Using non-Hive table formats in Amazon Athena for Apache Spark - Amazon Athena
Services or capabilities described in Amazon Web Services documentation might vary by Region. To see the differences applicable to the China Regions, see Getting Started with Amazon Web Services in China (PDF).

Using non-Hive table formats in Amazon Athena for Apache Spark

When you work with sessions and notebooks in Athena for Spark, you can use Linux Foundation Delta Lake, Apache Hudi, and Apache Iceberg tables, in addition to Apache Hive tables.

Considerations and limitations

When you use table formats other than Apache Hive with Athena for Spark, consider the following points:

  • In addition to Apache Hive, only one table format is supported per notebook. To use multiple table formats in Athena for Spark, create a separate notebook for each table format. For information about creating notebooks in Athena for Spark, see Creating your own notebook.
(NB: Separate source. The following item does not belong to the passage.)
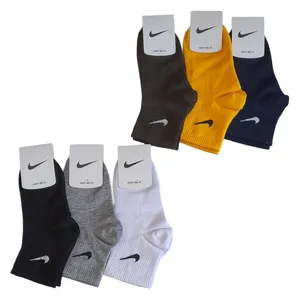 جوراب ساق کوتاه مدل yt1 بسته 6 عددی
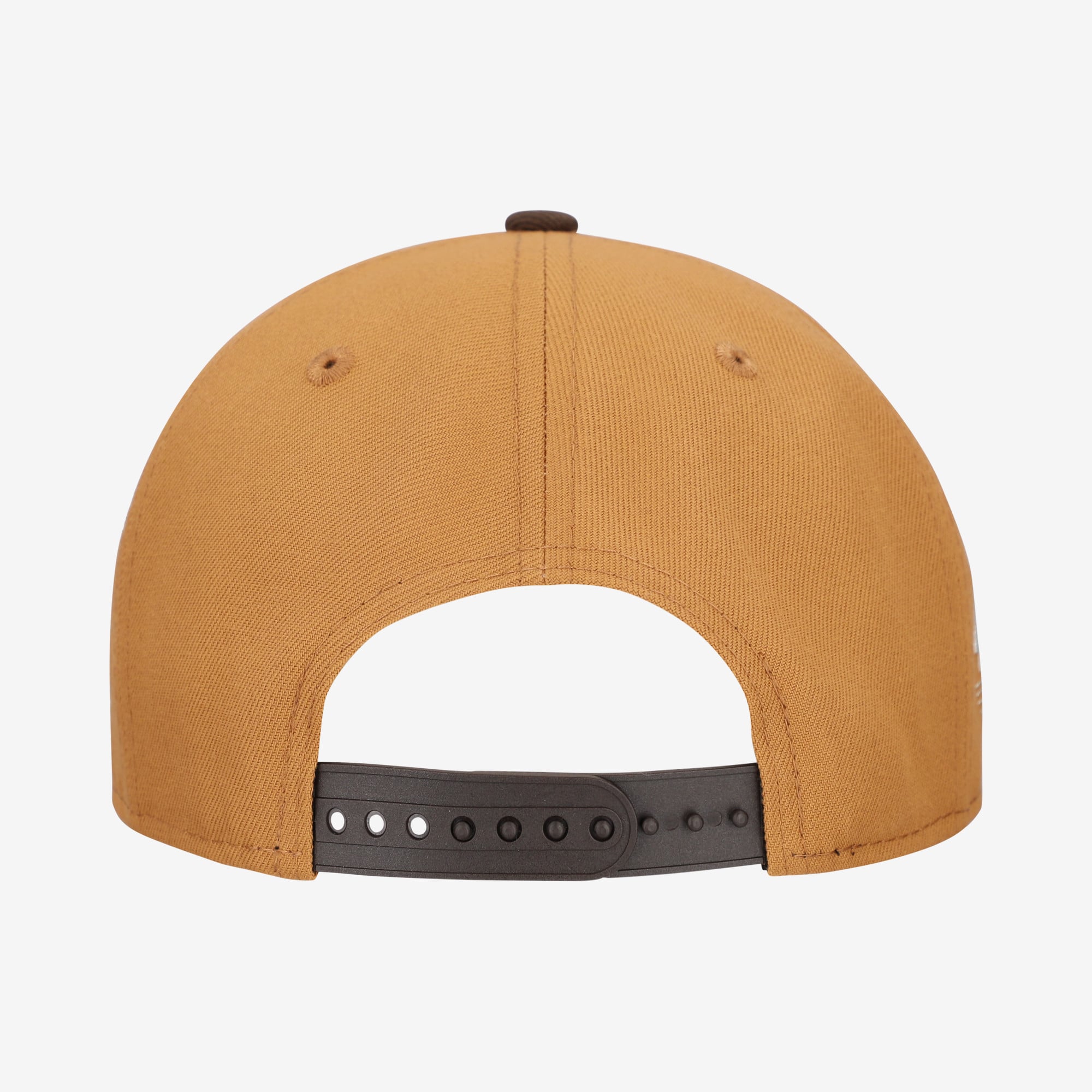 Casquette snapback New Era marron Kyle Larson Texas A-Frame 9FIFTY pour homme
  • The Delta Lake, Hudi, and Iceberg table formats have been tested on Athena for Spark by using Amazon Glue as the metastore. You might be able to use other metastores, but such usage is not currently supported.

  • To use the additional table formats, override the default spark_catalog property, as indicated in the Athena console and in this documentation. These non-Hive catalogs can read Hive tables, in addition to their own table formats.

Table versions

The following table shows supported non-Hive table versions in Amazon Athena for Apache Spark.

Table format Supported version
Apache Iceberg 1.2.1
Apache Hudi 0.13
Linux Foundation Delta Lake 2.0.2

In Athena for Spark, these table format .jar files and their dependencies are loaded onto the classpath for Spark drivers and executors.